Nazilerin getirdiği kısıtlamalar yaşamı zor hale getirmişti. İnge artık devlet okuluna gidemeyecekti. Altı yaşında Stuttgart’taki bir Yahudi okuluna gitmek zorunda kaldı. O ve diğer Yahudiler sarı Davut Yıldızını takmak zorunda bırakılmışlardı. İnge o günlerde bazı çocuklar tarafından tartaklandığını belirtiyor.
Büyükannesi 1941’de, evine el konarak Letonya’ya yollandı. Büyükbabası o zaman ölmüştü. Auerbacherler başka Yahudilerle birlikte bir evde yaşamaya zorlanmıştı. Altı ay sonra da Thereisenstadt çalışma kampına yollandılar.
İnge Nazilerin gittiği yerde ihtiyacı olmayacağı gerekçesiyle broşunu gasp ettiklerini hatırlıyor. O sırada yedi yaşında ve gönderilen 1100 Yahudi arasındaki en küçük esirdi. Kampın Mayıs 1945’te Sovyetler ordusu tarafından özgürleştirildiği zamana dek aile savaş gazileri için ayrılan bölümde kalabildiler.

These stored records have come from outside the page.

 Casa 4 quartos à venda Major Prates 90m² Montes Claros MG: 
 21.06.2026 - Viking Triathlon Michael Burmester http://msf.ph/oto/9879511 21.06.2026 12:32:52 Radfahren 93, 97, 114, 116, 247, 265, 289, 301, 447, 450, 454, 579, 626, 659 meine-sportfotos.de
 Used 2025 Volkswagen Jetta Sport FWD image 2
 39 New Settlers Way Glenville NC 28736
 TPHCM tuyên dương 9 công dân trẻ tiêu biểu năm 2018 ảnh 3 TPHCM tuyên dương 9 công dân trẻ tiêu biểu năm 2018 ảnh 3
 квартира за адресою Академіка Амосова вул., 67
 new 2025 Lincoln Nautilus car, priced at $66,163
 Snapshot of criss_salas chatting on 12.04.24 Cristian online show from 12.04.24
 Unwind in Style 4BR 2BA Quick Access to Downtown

Üçü yeri olmayanların toplandığı kampa gönderildi. Sonraları büyükbabalarının evine dönmelerine izin verildi. Babası işine yeniden dönebildi. 17 Haziran 1946’da Amerikan Yahudi Joint Distribution Komitesinin yardımıyla, 864 kişiyle birlikte bindikleri deniz kuvvetlerinin gemisiyle ABD’ye vardılar.
ABD’de Long Island’daki akrabalarının yanına giden aileden anne aşçı ve hizmetçi, baba da uşak olarak işe girdi. İnge, Thereisenstadt’ta geçirdiği dönemde verem olmuştu. Dört yıl yatakta antibiyotiklerle tedavi edilerek iyileşti.

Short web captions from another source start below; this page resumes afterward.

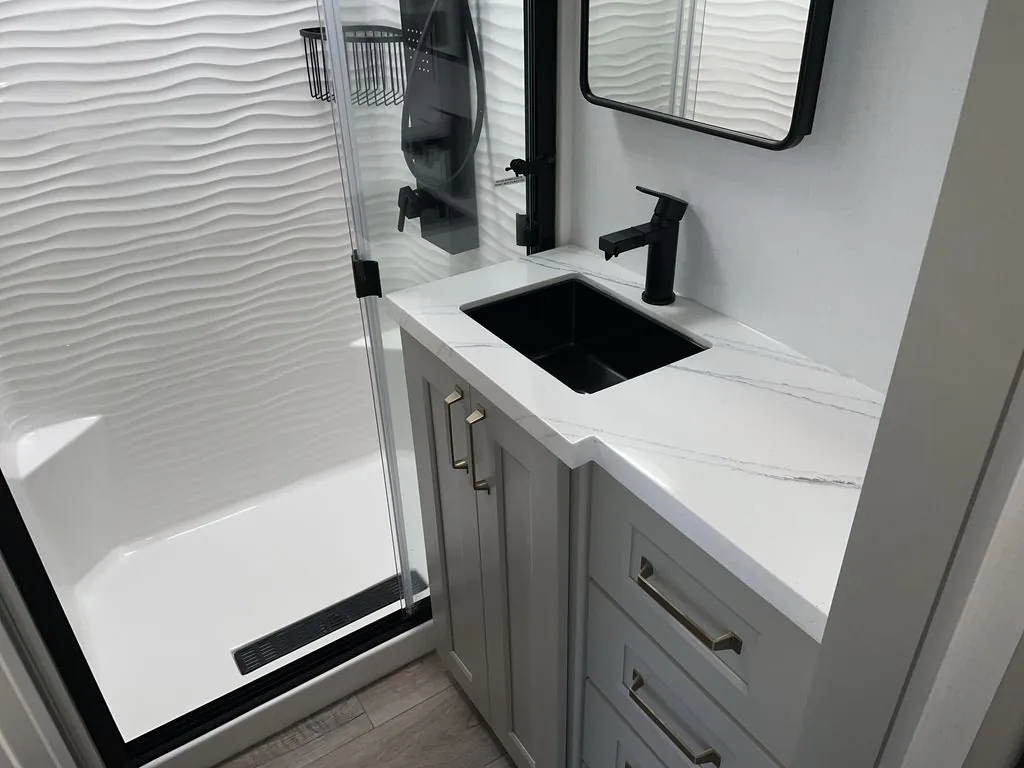 2026 Brinkley Model G 4150, Photos photo 18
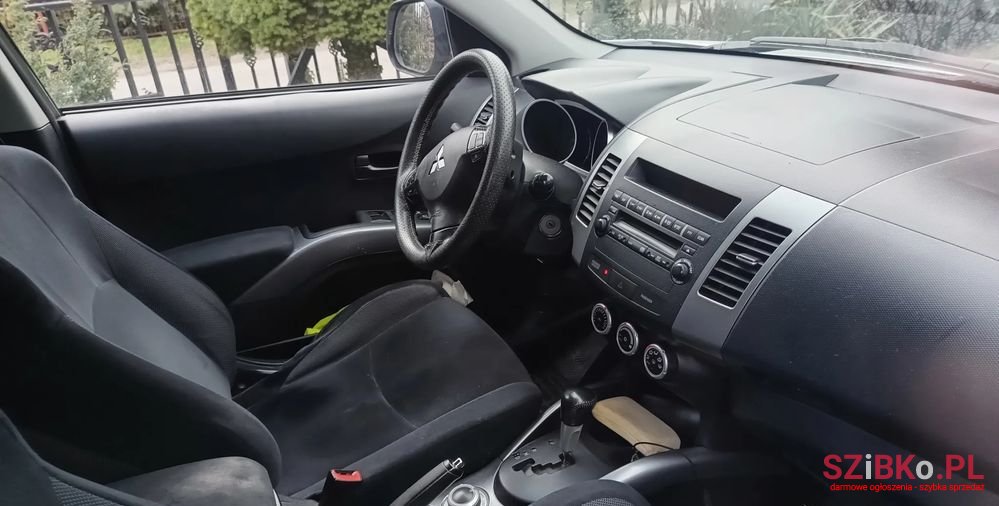 2007' Mitsubishi Outlander 3.0 V6 Xls photo #4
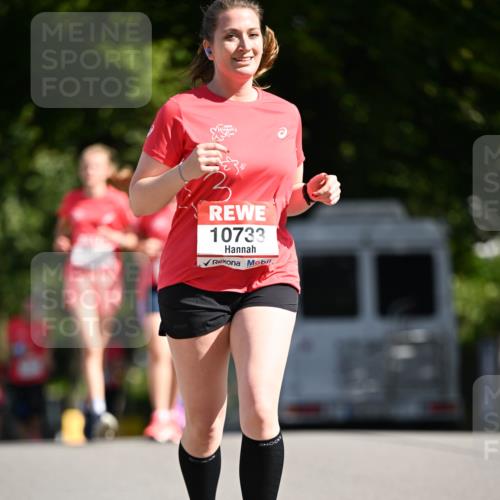 08.06.2024 - REWE Women's Run Dr. Thomas Lammeyer http://msf.ph/oto/6252091 09.06.2024 09:51:44 Laufen 10733 meine-sportfotos.de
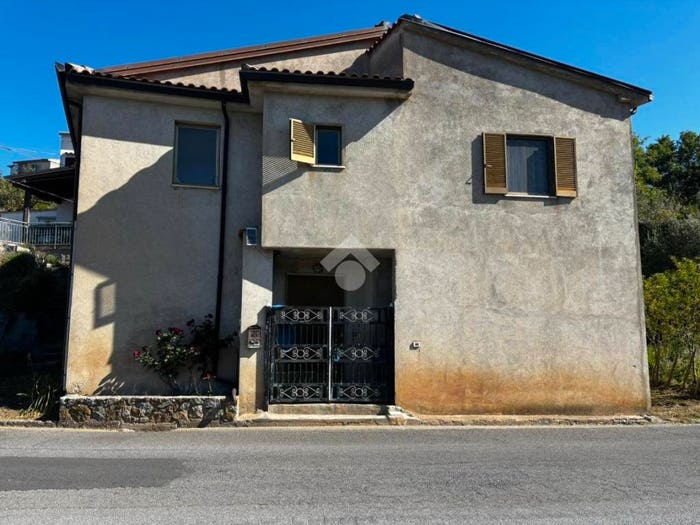 Casa con 6 locali in vendita in Contrada Carpine, Scavo, Maierà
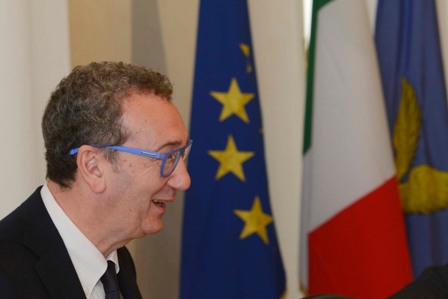 Sergio Bolzonello (Vicepresidente Regione FVG e assessore Attività produttive, Turismo e Cooperazione) presiede la riunione della Giunta del Friuli Venezia Giulia - Trieste 08/04/2016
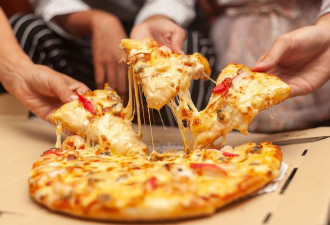 吃披萨要考数学 上海人崩溃&quot;智商不够不配吃&quot;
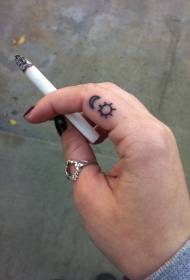 Палец черная линия татуировки солнце и луна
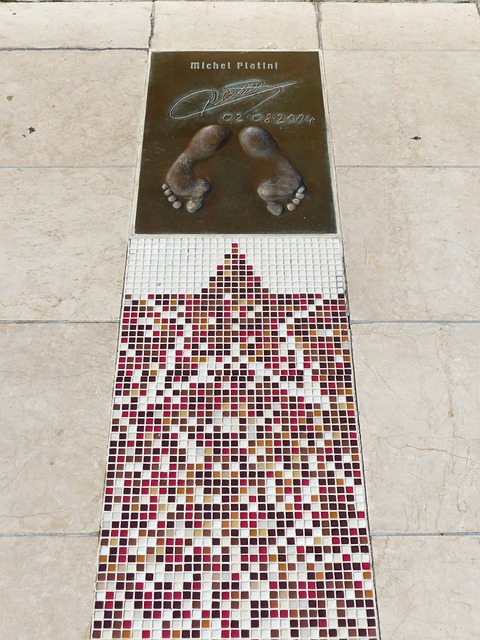 力和精神支 力和精神支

Auerbacher 15 yaşında liseye başladı ve 1958 yılında mezun oldu. Kimyager olarak medikal araştırmalarda ve klinik çalışmalarda 38 yıl çalıştı. Geçtiğimiz 30 yıl içinde dördü Holokost deneyimlerini içeren altı kitap yazdı. Kitaplardan birinin adı ‘Ben Bir Yıldızım: Holokost Çocuğu /I’m A Star: Child of the Holocaust’.
İnge ABD ve dünyada, okullarda ve farklı oluşumlarda Holokost deneyimlerini, toleransın önemini anlatan konuşmalar yaptı. Aynı zamanda dünyada ilk kez 1981’de yapılan Yahudi Holokost Kurtulanlarının toplantısında söylenen ‘We Shall Never Forget/ Biz Asla Unutmayacağız’ adlı şarkının yazımında yer aldı.

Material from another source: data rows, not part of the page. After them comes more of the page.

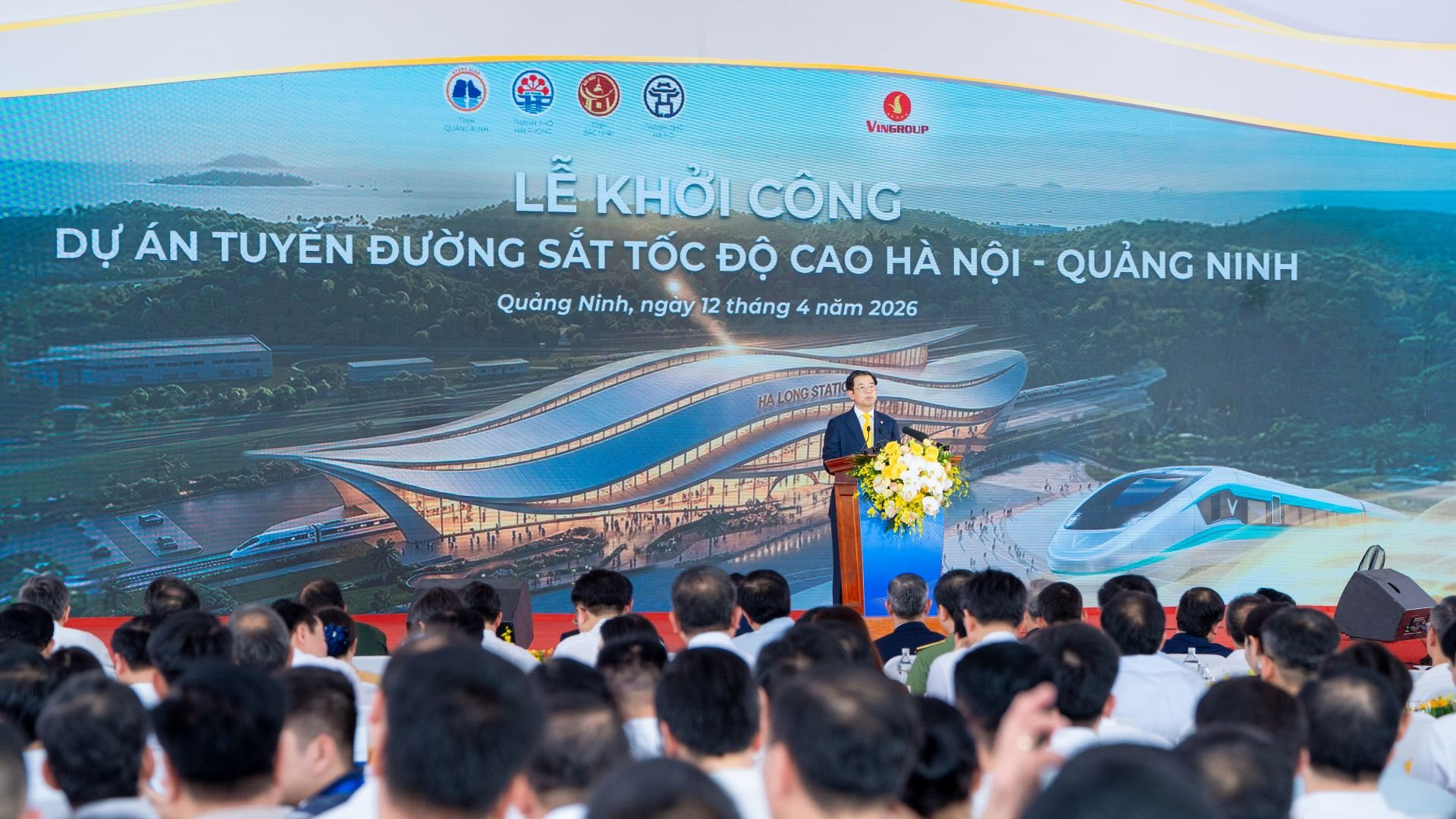 a2.-ong-nguyen-viet-quang-pho-chu-tich-kiem-tong-giam-doc-tap-doan-vingroup-phat-bieu-tai-le-khoi-cong-du-an-tuyen-duong-sat-toc-do-cao-ha-noi-quang-ninh..jpg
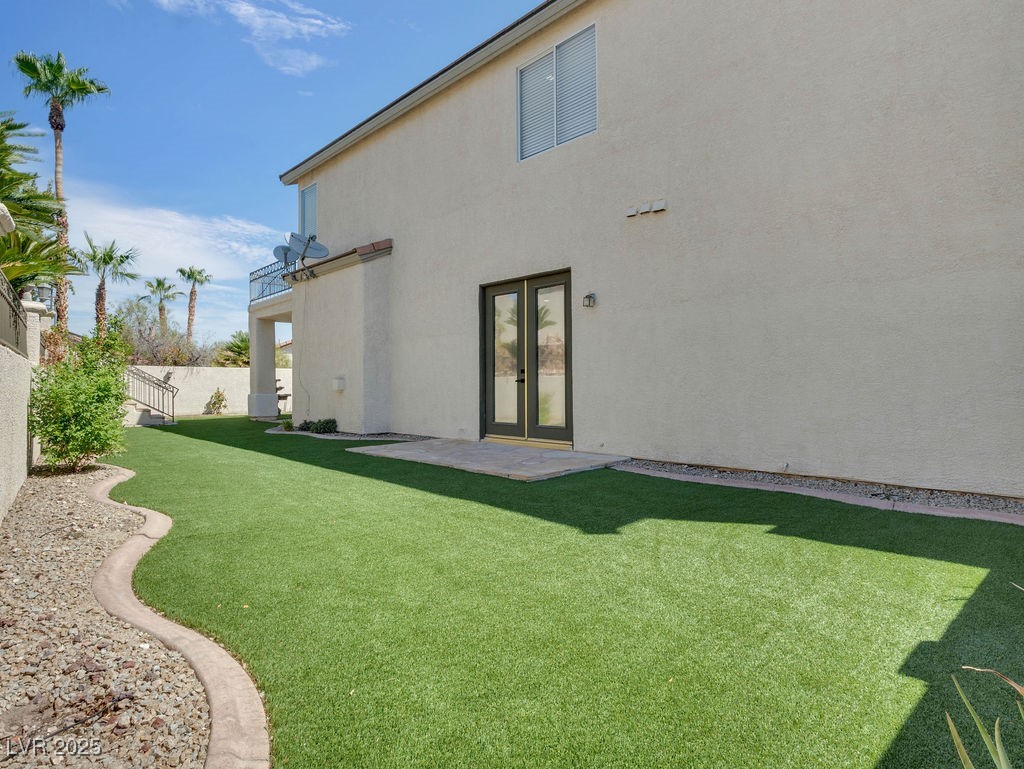 284 Sunstar Court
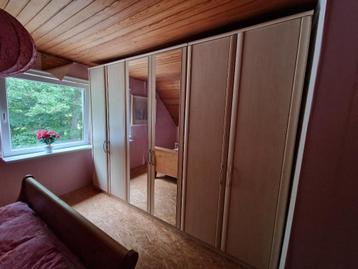 Mooie kledingkastenwand beschikbaar voor biedingen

Şahitlikleri ve çalışmaları sonucu Almanya İnge’yı iki onursal doktora ile ödüllendirdi. Bundestag’daki konuşmasının ardından İnge, ailesinin ve büyükbabasının yaşadığı yerleri gezmeyi planlıyor. Ardından, öğrencilere ve toplumsal oluşumlara yaptığı konuşmalar için kendisini onursal vatandaş ilan edecek olan Goeppingen kasabasına gidecek.